Set out exactly, line by line, the stretch of data below that begins at the line containing "Buddy Guy and" and ends at the line containing "Domare Kristoffer Folkstrand", with both ends kept.
■ ■ ■
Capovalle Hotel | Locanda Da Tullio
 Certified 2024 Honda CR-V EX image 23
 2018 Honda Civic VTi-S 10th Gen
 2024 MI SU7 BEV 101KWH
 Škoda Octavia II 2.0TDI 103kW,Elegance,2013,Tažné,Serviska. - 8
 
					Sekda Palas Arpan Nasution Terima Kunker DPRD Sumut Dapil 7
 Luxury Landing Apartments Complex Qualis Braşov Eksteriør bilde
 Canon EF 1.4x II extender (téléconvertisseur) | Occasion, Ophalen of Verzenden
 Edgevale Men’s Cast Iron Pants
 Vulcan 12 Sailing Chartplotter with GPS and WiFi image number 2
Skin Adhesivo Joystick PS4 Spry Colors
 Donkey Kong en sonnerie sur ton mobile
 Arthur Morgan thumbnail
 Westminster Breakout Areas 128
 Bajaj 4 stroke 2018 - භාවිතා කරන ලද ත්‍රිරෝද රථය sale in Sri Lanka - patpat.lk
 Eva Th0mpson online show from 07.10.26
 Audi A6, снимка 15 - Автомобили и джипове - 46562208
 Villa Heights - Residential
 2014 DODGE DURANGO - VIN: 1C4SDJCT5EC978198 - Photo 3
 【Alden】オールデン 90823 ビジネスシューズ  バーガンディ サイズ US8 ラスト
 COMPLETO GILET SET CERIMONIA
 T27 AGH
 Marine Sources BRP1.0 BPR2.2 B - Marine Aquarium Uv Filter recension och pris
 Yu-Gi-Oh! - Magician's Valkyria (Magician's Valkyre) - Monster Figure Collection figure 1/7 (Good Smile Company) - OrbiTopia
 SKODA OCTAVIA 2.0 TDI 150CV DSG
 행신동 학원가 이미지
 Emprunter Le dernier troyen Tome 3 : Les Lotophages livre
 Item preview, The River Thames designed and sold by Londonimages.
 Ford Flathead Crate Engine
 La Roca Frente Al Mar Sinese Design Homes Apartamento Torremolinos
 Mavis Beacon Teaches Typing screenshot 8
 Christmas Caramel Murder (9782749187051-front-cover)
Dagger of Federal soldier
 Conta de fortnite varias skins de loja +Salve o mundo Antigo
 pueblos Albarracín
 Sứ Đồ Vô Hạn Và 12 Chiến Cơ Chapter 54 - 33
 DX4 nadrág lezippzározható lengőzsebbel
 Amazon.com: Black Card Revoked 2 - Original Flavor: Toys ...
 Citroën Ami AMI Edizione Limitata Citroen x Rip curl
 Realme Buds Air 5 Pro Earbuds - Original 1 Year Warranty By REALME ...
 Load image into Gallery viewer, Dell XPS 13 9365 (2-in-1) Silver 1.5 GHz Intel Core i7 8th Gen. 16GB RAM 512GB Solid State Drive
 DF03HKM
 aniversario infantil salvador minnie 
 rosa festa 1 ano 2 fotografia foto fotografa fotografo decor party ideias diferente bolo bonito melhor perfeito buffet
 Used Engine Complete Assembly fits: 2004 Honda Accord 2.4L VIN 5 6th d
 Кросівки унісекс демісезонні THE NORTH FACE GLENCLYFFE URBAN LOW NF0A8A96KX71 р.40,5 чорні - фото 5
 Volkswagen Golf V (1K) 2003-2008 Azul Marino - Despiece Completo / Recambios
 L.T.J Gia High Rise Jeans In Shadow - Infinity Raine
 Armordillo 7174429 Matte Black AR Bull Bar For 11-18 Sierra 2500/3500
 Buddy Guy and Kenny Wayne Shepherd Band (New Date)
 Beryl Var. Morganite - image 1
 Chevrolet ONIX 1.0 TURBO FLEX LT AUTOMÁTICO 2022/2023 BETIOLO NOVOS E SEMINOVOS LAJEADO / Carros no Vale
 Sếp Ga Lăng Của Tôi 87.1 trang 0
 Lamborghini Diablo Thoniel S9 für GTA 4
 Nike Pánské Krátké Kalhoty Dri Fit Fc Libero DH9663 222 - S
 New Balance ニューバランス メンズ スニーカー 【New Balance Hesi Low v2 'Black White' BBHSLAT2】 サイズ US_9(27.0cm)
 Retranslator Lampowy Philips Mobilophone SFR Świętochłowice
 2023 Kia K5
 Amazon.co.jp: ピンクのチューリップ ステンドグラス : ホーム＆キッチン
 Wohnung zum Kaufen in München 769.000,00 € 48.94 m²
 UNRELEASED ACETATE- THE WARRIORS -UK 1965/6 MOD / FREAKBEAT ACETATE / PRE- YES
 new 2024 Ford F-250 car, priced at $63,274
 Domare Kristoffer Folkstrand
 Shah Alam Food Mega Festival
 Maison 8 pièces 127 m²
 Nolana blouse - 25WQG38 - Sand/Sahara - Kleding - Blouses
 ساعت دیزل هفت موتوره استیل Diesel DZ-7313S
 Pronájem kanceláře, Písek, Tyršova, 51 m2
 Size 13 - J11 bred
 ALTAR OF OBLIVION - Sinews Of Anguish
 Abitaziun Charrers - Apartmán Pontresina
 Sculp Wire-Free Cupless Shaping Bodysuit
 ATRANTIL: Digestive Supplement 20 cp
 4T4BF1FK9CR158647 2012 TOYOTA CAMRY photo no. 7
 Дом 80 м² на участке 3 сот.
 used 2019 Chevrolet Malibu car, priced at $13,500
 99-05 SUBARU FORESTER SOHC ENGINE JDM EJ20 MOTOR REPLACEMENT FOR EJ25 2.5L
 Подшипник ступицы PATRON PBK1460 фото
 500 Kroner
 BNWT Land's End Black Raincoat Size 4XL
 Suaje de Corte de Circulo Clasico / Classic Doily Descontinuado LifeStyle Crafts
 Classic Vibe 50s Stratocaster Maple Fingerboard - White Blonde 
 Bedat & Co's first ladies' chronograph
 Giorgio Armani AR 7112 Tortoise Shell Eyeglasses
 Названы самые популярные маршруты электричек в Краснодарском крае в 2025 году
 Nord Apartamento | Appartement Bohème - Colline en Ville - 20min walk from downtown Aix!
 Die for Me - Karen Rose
■ ■ ■
Task answer:
 Buddy Guy and Kenny Wayne Shepherd Band (New Date)
 Beryl Var. Morganite - image 1
 Chevrolet ONIX 1.0 TURBO FLEX LT AUTOMÁTICO 2022/2023 BETIOLO NOVOS E SEMINOVOS LAJEADO / Carros no Vale
 Sếp Ga Lăng Của Tôi 87.1 trang 0
 Lamborghini Diablo Thoniel S9 für GTA 4
 Nike Pánské Krátké Kalhoty Dri Fit Fc Libero DH9663 222 - S
 New Balance ニューバランス メンズ スニーカー 【New Balance Hesi Low v2 'Black White' BBHSLAT2】 サイズ US_9(27.0cm)
 Retranslator Lampowy Philips Mobilophone SFR Świętochłowice
 2023 Kia K5
 Amazon.co.jp: ピンクのチューリップ ステンドグラス : ホーム＆キッチン
 Wohnung zum Kaufen in München 769.000,00 € 48.94 m²
 UNRELEASED ACETATE- THE WARRIORS -UK 1965/6 MOD / FREAKBEAT ACETATE / PRE- YES
 new 2024 Ford F-250 car, priced at $63,274
 Domare Kristoffer Folkstrand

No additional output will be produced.